Prakash Kumar Pallathadka is a professor of biological sciences specializing in plant development, tissue culture, plant psychology and molecular biology at the Department of Biological Sciences, National University of Singapore (NUS).

==History, education and family==

He did his Bachelor of Science from University of Mysore with First Class in 1979 and went on to pursue MSc from Madras University in 1981. As an outgoing graduate at Madras University, he won the first rank with first class. His doctoral research was completed in the year of 1988 and he awarded PhD from the University of Calgary, Canada.

He is the first of six children of Pallathadka Venkatramana Bhat & Taradevi. He hails from Pallathadka, a hamlet in Kasaragod district of the State of Kerala in India. He is a Havyaka Brahmin and belongs to the well-known Pallathadka Family.

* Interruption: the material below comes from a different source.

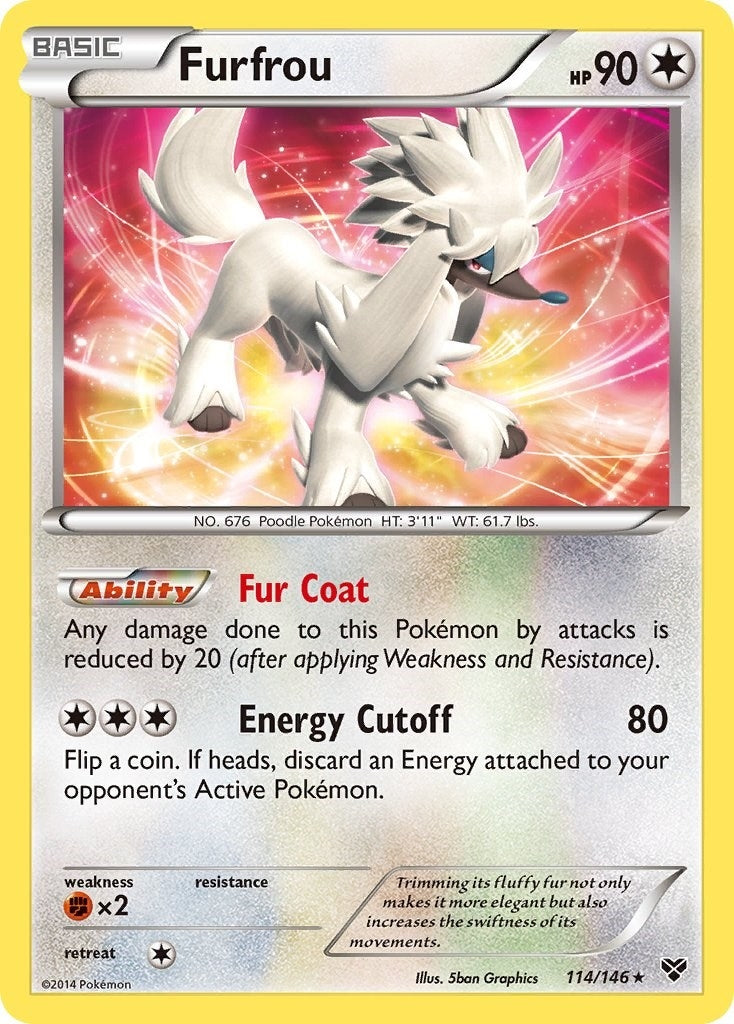 Image for Furfrou (XY Base Set) (114/146) - Pokemon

He is married to Nagaratna Prakash and has two children, one son and one daughter.

==Profession==

He is currently serving as a professor at the Department of Biological Sciences in the main campus of NUS. Ever since joining the National University of Singapore, he has held important positions at various levels.

He is also editor of Plant Cell Reports (from Jan 1999) and Plant Biotechnology Reports (from April 2007) (Both Academic Research Journals published by Springer).

He has a number of patents and research accomplishments to his name. He has also authored a number of books and research papers.